Here's my entry for the Nature of Magic challenge, run by meira16 on The Dark Lord's Most Faithful Forum.
Nature of Magic
JKR is fairly vague on how magic actually works in the Harry Potter universe. We know there are some rules to it, eg Hermione mentions that food cannot be transfigured, and she says that is one of five major exceptions in that category. We also know that new spells and potions (Wolfsbane, Sectumsempra) can be created, but we don't know how. We also know that there are different types of magic - elf magic is fundamentally different to human magic, as elves can Apparate in Hogwarts.
The challenge is to write a fic that discusses at some point something relating to the nature of magic - what it is, how it evolved, how it actually works, what Dark magic is - anything like that.
I realize this topic is a bit harder to translate into narrative than most topic. Note that the fic need not centre around the nature of magic, it can just mention it, but it must be something specific.
Word count: less than 2000 words, greater than 300.

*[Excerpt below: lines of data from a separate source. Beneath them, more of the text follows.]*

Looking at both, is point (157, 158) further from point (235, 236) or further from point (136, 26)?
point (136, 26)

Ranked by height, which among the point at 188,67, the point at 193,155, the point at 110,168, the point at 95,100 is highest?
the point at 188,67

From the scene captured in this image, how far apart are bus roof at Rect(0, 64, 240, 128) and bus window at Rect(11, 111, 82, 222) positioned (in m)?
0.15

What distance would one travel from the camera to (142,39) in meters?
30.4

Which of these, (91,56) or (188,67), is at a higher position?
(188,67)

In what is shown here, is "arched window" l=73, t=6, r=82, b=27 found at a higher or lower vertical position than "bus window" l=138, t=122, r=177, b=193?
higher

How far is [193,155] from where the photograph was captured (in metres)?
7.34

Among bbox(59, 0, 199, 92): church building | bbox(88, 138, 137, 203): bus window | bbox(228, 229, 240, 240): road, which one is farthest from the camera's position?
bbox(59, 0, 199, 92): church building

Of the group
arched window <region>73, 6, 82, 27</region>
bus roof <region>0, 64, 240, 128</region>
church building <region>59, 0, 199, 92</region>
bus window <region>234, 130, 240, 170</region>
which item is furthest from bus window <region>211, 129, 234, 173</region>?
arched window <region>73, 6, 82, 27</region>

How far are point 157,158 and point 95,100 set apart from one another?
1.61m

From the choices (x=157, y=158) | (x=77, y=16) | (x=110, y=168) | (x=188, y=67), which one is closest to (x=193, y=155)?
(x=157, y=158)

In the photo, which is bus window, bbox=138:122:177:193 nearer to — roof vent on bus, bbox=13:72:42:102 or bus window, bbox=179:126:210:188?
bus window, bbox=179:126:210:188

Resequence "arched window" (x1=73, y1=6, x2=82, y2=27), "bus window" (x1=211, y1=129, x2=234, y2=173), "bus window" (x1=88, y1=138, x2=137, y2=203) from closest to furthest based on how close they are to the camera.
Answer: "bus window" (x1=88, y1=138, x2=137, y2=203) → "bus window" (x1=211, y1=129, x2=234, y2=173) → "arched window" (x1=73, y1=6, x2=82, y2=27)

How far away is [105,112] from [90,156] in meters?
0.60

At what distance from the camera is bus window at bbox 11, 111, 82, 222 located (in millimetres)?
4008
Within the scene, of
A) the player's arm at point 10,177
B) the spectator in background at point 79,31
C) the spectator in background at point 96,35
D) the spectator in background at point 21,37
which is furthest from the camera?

"We are pure. We are the purest, and the most powerful. We are heirs of the great Salazar. Nothing can resist us."
Everything. Everything in sharp lines and colourless shapes, everything out of reach.

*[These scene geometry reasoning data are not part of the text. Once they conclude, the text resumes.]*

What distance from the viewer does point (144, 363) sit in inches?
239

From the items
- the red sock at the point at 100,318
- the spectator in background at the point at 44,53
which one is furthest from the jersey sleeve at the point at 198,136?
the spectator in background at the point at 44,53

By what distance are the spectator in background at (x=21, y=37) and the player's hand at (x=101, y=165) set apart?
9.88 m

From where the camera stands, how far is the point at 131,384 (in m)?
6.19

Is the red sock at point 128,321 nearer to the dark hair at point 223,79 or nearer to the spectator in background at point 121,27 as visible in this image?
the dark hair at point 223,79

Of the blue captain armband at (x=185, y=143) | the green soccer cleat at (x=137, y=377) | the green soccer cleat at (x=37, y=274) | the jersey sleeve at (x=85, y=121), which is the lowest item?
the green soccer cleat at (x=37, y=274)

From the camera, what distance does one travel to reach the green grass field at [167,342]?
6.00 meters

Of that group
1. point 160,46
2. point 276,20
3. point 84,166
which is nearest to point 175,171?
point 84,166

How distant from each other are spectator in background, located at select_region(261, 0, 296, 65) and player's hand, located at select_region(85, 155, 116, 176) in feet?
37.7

Everything, and she is nothing.
The window's edge is cold under Merope's numb fingers. She grips it hard, willing her knuckles to turn white, willing the wood to shatter and break. It is too solid for her. Coldness is creeping through, seeping into her already frozen limbs, into her bones. Into the core of her, until she is nothing but ice. A statue of ice, helpless, motionless. An empty shell, breakable. Ready to shatter and leave nothing but pieces and dust behind. She must have some life in her still, though, doesn't she? Surely she must…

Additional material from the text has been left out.